ACTION ITEM: Every line of the entries below from the one containing "Bolsa bucket de" to the one containing "close up of", both ends included, must be written out exactly. No other line belongs in the answer.

^^^^

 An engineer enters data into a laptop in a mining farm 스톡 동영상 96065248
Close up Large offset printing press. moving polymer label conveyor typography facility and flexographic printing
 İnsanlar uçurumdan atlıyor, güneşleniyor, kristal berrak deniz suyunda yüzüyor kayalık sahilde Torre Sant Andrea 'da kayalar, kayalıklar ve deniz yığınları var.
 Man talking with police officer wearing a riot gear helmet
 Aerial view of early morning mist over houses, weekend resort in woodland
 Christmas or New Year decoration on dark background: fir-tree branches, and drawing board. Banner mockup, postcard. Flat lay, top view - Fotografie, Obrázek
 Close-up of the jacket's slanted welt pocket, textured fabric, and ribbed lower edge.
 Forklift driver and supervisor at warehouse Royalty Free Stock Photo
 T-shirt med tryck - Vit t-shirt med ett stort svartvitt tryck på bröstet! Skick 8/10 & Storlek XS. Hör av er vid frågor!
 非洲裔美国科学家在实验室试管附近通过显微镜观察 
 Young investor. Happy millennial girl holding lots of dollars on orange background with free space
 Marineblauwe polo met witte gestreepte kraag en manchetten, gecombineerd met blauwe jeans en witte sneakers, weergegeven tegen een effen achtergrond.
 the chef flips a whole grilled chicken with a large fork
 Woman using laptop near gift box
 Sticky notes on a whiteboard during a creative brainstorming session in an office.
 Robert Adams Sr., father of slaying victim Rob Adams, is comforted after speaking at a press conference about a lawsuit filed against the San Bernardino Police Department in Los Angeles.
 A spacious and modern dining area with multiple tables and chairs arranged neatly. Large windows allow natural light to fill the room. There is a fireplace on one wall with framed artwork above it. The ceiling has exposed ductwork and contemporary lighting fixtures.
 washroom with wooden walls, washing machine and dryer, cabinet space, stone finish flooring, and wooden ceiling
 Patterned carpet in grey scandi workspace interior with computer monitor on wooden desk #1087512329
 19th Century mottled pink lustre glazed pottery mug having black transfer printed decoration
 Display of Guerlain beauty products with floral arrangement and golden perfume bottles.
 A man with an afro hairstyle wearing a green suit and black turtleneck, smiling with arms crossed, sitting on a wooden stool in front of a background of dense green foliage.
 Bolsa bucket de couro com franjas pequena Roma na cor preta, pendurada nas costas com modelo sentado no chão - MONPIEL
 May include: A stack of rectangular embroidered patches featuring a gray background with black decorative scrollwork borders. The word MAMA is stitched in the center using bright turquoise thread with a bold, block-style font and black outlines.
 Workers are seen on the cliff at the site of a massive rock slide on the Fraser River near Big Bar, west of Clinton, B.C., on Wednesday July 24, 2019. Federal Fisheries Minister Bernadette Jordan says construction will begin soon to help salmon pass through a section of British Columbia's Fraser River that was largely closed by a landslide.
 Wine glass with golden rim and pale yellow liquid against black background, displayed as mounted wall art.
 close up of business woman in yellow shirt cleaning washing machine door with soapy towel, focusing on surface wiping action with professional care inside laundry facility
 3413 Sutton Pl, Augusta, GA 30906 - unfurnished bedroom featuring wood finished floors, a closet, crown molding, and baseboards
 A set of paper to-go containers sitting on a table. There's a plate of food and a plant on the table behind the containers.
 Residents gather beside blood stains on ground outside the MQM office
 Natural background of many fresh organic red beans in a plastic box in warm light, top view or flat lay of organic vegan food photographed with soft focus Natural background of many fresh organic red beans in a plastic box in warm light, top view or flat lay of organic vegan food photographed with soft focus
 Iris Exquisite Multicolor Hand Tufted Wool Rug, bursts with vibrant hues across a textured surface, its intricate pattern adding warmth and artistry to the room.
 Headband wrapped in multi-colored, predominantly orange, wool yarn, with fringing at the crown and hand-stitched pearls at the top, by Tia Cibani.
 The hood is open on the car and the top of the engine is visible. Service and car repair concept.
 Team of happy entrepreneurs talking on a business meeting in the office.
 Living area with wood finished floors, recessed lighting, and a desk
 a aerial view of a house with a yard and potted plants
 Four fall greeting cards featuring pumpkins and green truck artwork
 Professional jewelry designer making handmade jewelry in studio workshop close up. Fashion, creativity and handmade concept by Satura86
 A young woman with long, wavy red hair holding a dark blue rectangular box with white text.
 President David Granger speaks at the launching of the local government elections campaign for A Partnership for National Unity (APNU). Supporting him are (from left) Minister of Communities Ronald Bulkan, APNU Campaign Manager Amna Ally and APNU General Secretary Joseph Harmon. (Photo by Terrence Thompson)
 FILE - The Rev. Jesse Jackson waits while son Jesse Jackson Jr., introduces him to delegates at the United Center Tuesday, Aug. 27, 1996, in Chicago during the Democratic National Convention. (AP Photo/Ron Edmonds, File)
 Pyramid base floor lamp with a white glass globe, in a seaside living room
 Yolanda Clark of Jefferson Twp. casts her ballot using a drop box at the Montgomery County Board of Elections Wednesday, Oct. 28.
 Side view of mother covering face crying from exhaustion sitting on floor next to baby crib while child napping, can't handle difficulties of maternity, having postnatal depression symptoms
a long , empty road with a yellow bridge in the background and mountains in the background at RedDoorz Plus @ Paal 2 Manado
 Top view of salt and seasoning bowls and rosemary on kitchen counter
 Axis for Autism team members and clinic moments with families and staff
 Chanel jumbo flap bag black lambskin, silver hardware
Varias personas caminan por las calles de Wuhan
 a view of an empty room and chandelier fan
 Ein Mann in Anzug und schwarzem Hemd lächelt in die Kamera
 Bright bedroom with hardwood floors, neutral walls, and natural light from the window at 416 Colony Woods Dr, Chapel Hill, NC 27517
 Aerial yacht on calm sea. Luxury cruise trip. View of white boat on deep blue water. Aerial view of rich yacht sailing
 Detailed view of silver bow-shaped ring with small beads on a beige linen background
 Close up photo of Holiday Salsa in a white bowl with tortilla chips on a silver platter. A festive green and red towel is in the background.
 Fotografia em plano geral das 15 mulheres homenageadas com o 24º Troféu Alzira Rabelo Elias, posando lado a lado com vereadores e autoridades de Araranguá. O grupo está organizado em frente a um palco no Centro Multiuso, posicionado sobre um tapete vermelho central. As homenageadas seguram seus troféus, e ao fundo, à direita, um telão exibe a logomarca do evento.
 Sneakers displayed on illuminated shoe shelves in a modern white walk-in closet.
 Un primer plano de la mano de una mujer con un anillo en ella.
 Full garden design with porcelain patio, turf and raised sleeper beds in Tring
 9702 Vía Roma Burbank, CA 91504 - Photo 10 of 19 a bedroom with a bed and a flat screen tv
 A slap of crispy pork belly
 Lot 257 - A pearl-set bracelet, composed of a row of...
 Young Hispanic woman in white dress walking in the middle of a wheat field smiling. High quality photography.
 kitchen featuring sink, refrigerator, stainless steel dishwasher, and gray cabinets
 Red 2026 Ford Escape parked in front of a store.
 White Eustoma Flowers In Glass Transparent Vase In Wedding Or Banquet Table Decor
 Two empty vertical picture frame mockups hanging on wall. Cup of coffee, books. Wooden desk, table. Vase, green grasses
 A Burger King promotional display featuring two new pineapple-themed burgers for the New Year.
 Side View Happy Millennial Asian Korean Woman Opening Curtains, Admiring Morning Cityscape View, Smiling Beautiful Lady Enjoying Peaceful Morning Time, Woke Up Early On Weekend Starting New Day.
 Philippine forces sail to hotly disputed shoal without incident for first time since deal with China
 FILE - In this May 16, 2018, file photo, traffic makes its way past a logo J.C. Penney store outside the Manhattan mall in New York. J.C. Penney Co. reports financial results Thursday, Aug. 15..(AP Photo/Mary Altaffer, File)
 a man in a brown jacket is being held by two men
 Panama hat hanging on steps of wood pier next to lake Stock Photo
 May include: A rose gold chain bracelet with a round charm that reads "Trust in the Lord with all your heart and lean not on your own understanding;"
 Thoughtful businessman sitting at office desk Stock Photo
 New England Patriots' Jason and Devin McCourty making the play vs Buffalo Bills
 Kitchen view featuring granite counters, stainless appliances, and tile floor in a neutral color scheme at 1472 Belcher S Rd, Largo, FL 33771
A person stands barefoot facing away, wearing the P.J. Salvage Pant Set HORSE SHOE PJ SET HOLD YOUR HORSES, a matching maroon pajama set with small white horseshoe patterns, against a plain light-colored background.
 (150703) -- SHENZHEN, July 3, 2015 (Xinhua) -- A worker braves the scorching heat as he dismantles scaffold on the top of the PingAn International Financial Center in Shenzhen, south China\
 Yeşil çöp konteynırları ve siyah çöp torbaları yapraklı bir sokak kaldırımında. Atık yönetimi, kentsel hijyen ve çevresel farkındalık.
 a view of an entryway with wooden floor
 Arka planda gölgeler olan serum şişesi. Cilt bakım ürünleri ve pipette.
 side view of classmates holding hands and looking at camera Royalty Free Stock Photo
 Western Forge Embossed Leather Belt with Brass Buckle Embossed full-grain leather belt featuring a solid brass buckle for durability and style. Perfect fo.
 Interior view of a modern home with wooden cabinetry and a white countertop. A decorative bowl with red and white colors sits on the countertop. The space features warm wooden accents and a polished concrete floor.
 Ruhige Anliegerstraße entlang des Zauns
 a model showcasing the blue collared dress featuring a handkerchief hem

^^^^

TASK SOLUTION:
 Bolsa bucket de couro com franjas pequena Roma na cor preta, pendurada nas costas com modelo sentado no chão - MONPIEL
 May include: A stack of rectangular embroidered patches featuring a gray background with black decorative scrollwork borders. The word MAMA is stitched in the center using bright turquoise thread with a bold, block-style font and black outlines.
 Workers are seen on the cliff at the site of a massive rock slide on the Fraser River near Big Bar, west of Clinton, B.C., on Wednesday July 24, 2019. Federal Fisheries Minister Bernadette Jordan says construction will begin soon to help salmon pass through a section of British Columbia's Fraser River that was largely closed by a landslide.
 Wine glass with golden rim and pale yellow liquid against black background, displayed as mounted wall art.
 close up of business woman in yellow shirt cleaning washing machine door with soapy towel, focusing on surface wiping action with professional care inside laundry facility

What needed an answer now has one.